Distance Per Network Hop Technical Report

 

This is a technical data analysis of physical distance per network hop done for Hopzero.
Peter Mullarkey, PhD, Hopzero and RedRunGroup
Version 2.0

Motivation

Having a basic understanding of the physical distance between network hops can provide insight to a company’s exposure (or risk) surface. Meaning that if a company is communicating with device A that is 3 network hops away, versus Device B that is 10 network hops away, it stands to reason that the Device A is physically closer than Device B. It is less concrete that these distances can be equated to political groupings, such as being in the same county, state, or region of a country, but this is also qualitatively true and can be useful in understanding risk exposure.

While there are some literature wrestling with this challenge of providing information on distance per hop (DpH), most were approaches or surveys, and we were interested in a less theoretical, but more practical statically characterized metric.

While doing generalized data collection for Hopzero, I noticed that we had over 8600 geo-located public IP addresses. And given that we could communicate with those hosts from four datacenters with known locations, we decided to collect as many of those point-to-point data as a basis for studying the character of distance per hop. And we were able to get an overall response rate from the 8640 devices of 39.3 percent.

Let’s map all of those destinations locations, along with the 4 source locations (shown in green).

Distance Per Network Hop Technical Report

Assumptions

One of the most important assumptions to state and comment on is that we used a linear distribution of the distance across the hops involved in a given point-to-point measurement. As an example, if a traceroute was done from the Western US datacenter to a host 2000 miles away and that measurement crossed 5 routers, we would say the distance per hop for that measurement was 400 miles. Given that we did not have GeoIP information for each intervening router, we could not apportion of the distance in any other way. We still think this comprehensive dataset has a lot for teach us, even with this simplifying assumption. And we discuss possible better approaches in the Future Work section.

Explore the datasets

Although our dataset of destinations was international, the vast majority of the destinations were in the United States, with the second highest density being Europe, so it makes sense to explore the character of distance per hop on a regional basis. In addition, we will consider the character of the full dataset.

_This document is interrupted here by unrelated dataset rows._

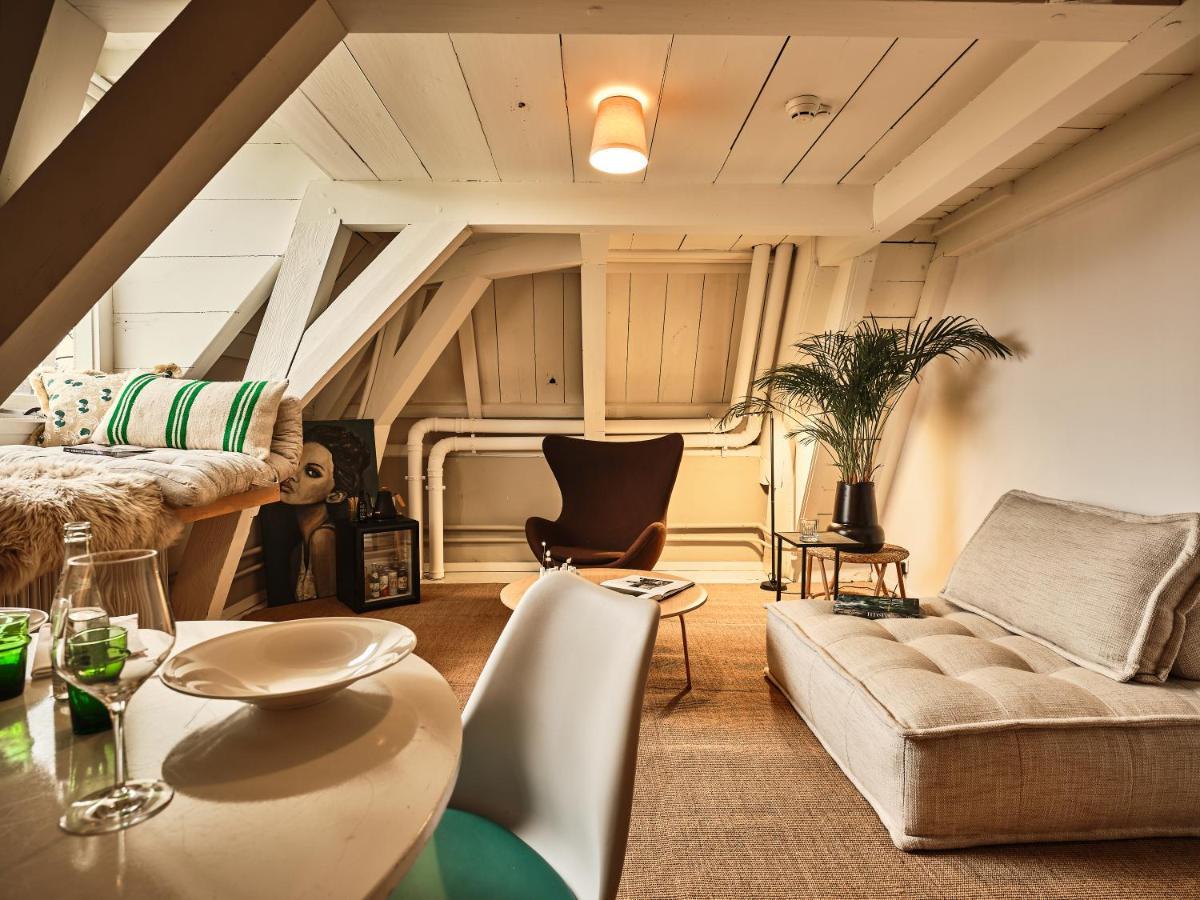 Eco Hotel Plantage Rococo Velsen-Zuid Luaran gambar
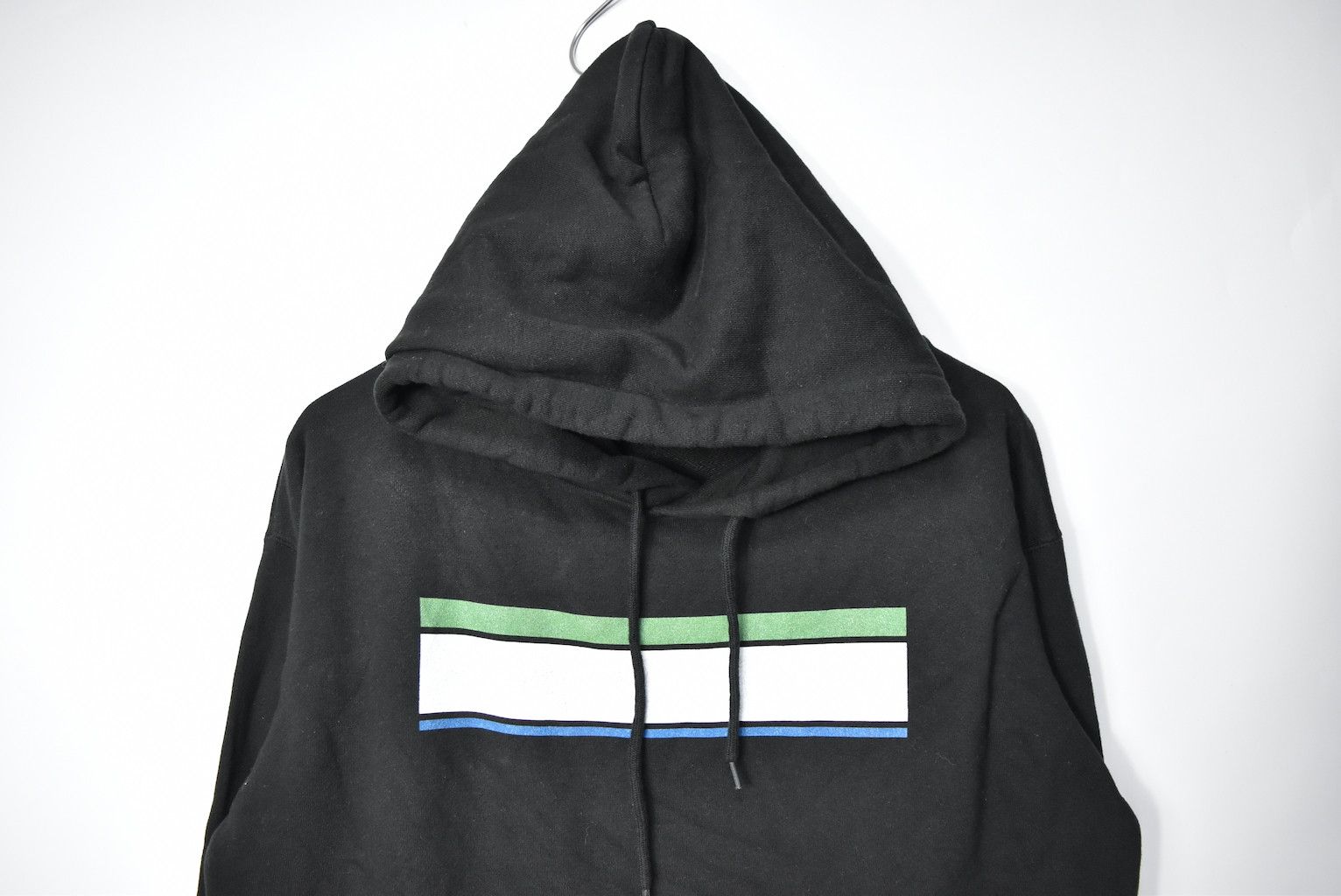 Japanese Brand Famiry Mart graphic hooded 23467 - 495 64 Size US XL / EU 56 / 4 - 3 Thumbnail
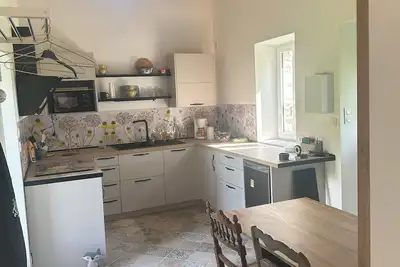 Image de Maison à la campagne, idéale pour une famille\n4/6 personnes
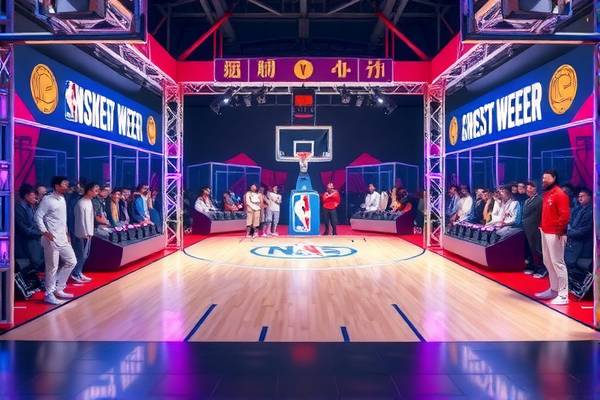 NBA录像大师，记录经典，传承荣耀
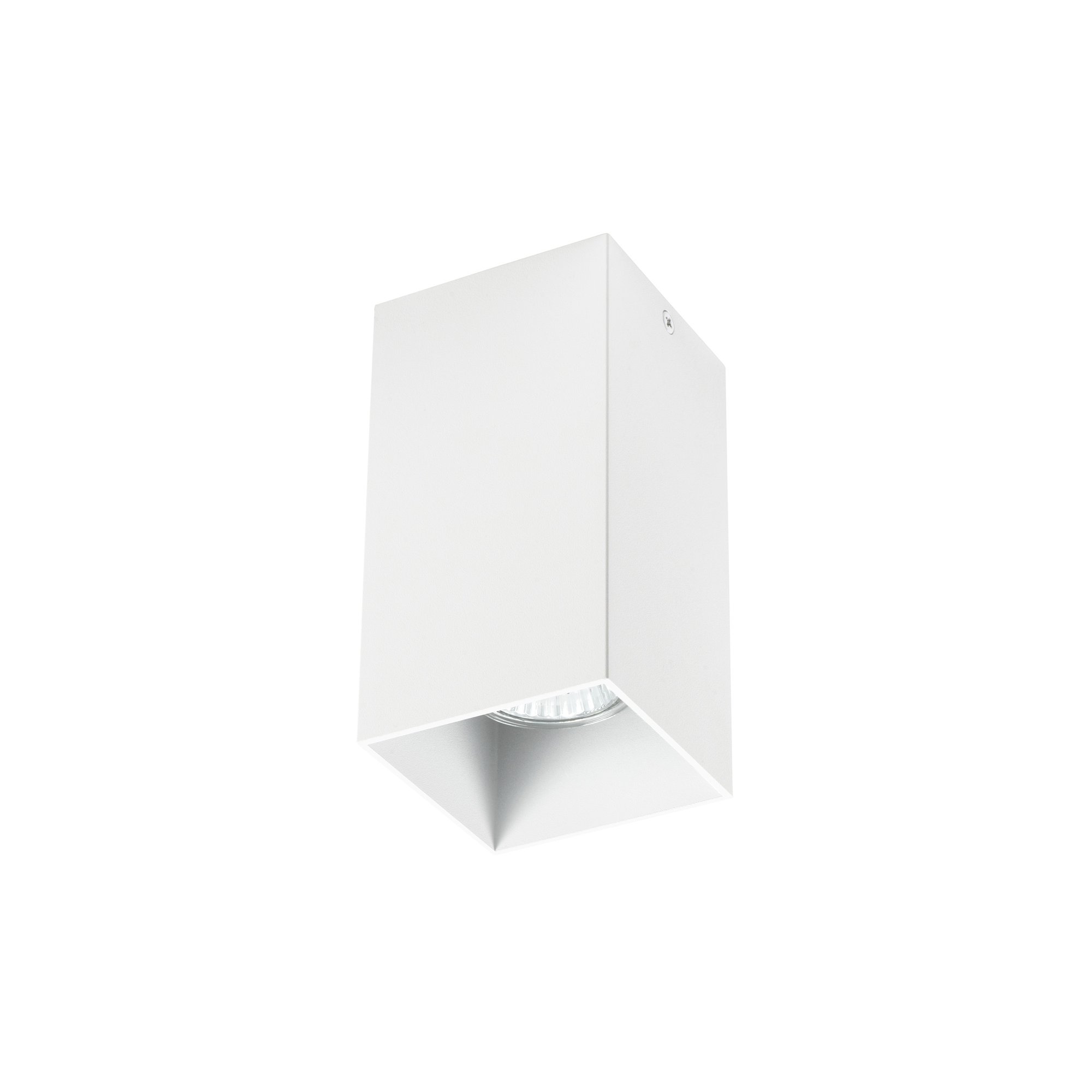 Накладной светильник Lightstar Rullo 80x80 крепление 60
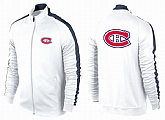 NHL Montreal Canadiens Team Logo 2015 Men Hockey Jacket (2),baseball caps,new era cap wholesale,wholesale hats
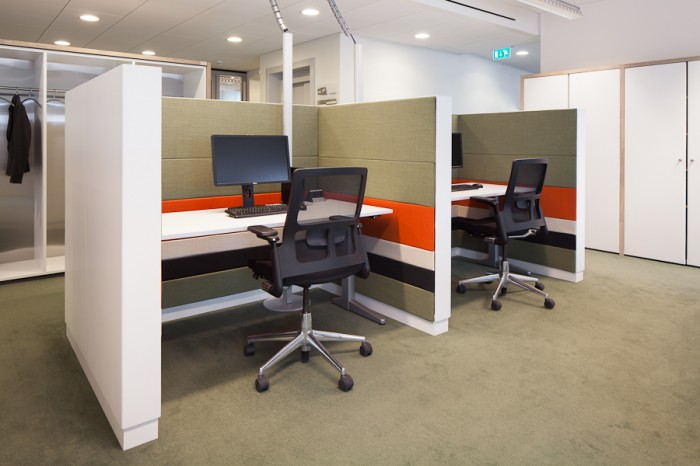 已裝修的寫字樓如何做隔間？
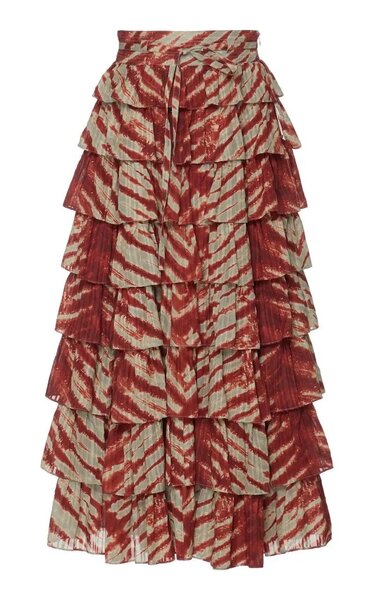 Set violet femme élégant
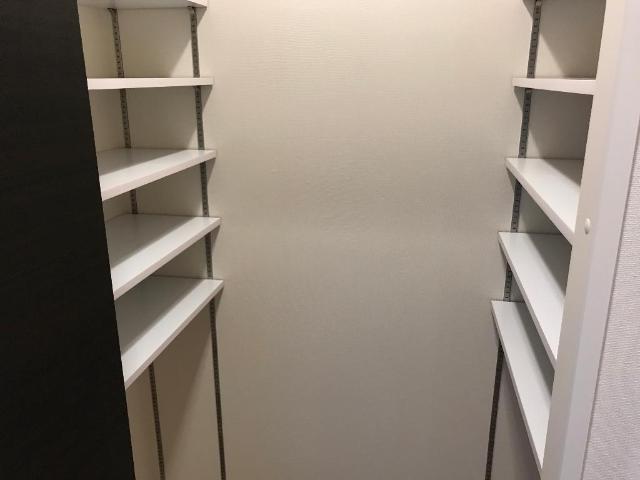 カスティール 玄関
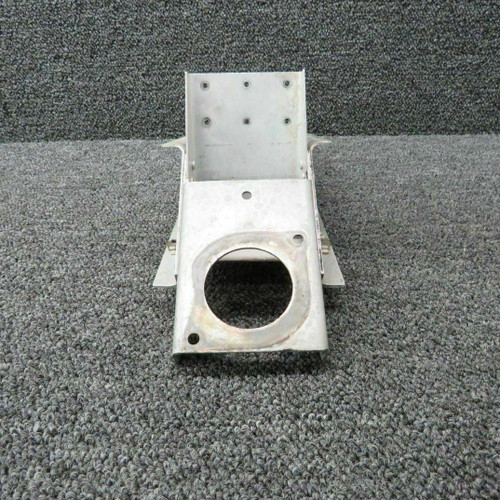 Cessna 1213433-19 / 1213433-15 Cessna U206C Bracket LH Forward W/ Channel Engine Mount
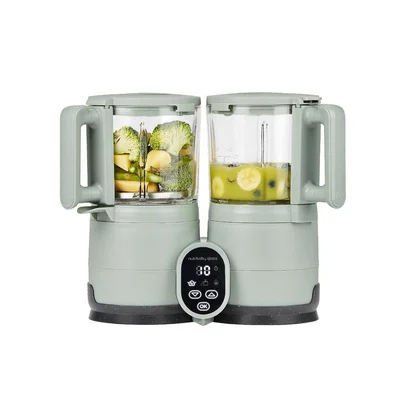 Babymoov Nutribaby Glass Baby Food Maker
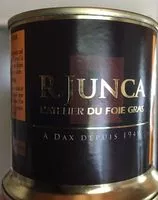 Mängden socker i Foie gras de canard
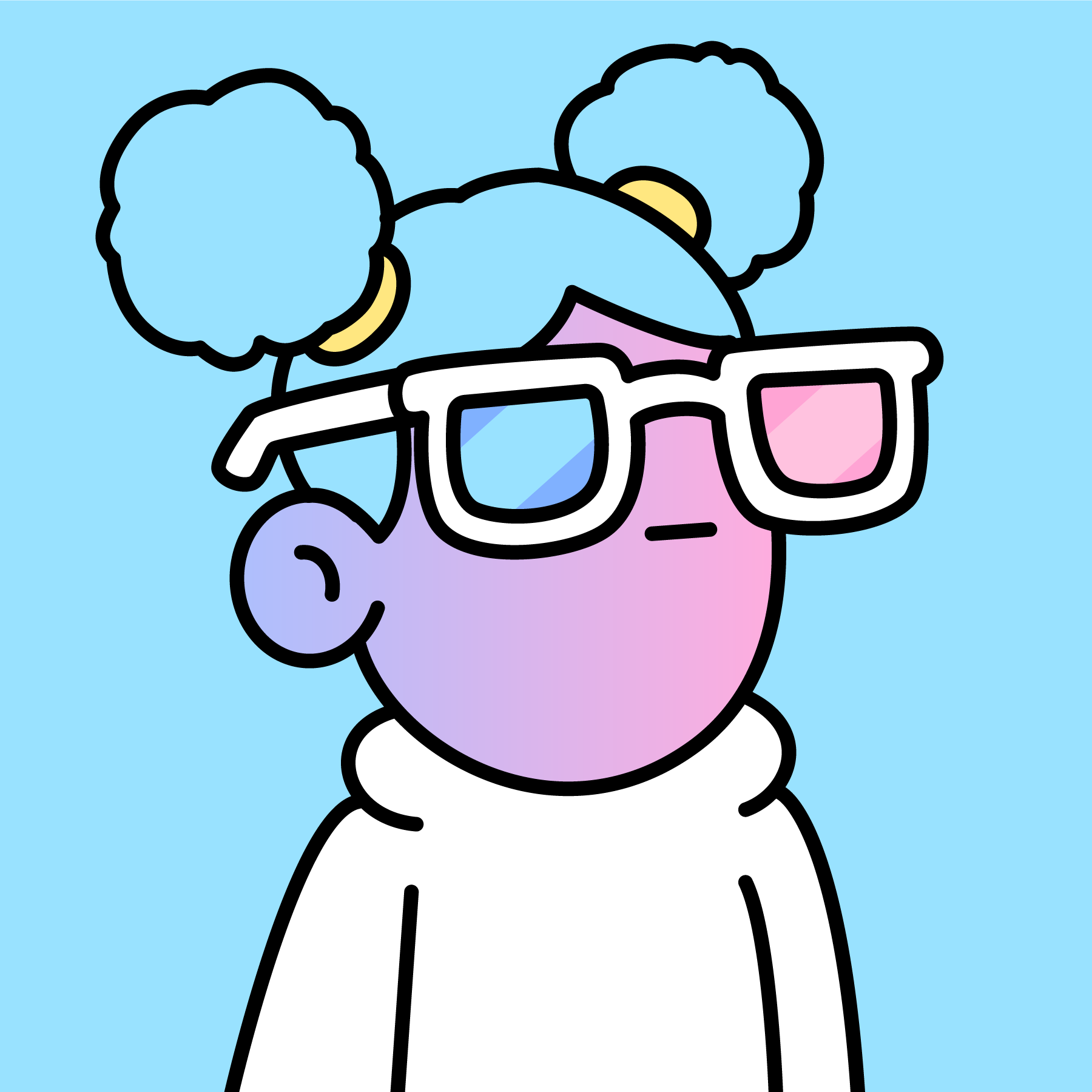 The Doodles Founders - Doodles - Doodle #2534 - NFT # 2534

Probing from Northwestern United States

Inspecting the West dataset, we see that there were responses from 36% of the possible hosts. This data was collected using a node in the AWS Oregon datacenter.

Distance Per Network Hop Technical Report
Distance Per Network Hop Technical Report
## n
## 1 36.07639

## miles_per_hop
## Min. : 4.07
## 1st Qu.: 68.58
## Median :101.11
## Mean :130.46
## 3rd Qu.:206.15
## Max. :456.62

Outlier Analysis

Looking at the West dataset histogram, there are some data points out in the upper tail. Let’s have a look at those data points. Based on this analysis, less than 0.25% of the data is above 400 miles per hop, and looking at the summary stats with and without those points makes very little difference, so there is no need to subset the West data set.

## n
## 1 0.2413339

## miles_per_hop
## Min. : 4.07
## 1st Qu.: 68.55
## Median :100.50
## Mean :129.76
## 3rd Qu.:206.15
## Max. :391.37

West data analysis

As we inspect the histogram of the full West dataset, we see two distinct clusters of data points. This is typically referred to as a Bi-modal distribution. We will generate a statistical summary for the full dataset, but given the dual peak nature, that may give us limited insight.

Now consider whether the bi-modal nature might be caused by links that cross oceans. This analysis was suggested by Bill Alderson and seems solid.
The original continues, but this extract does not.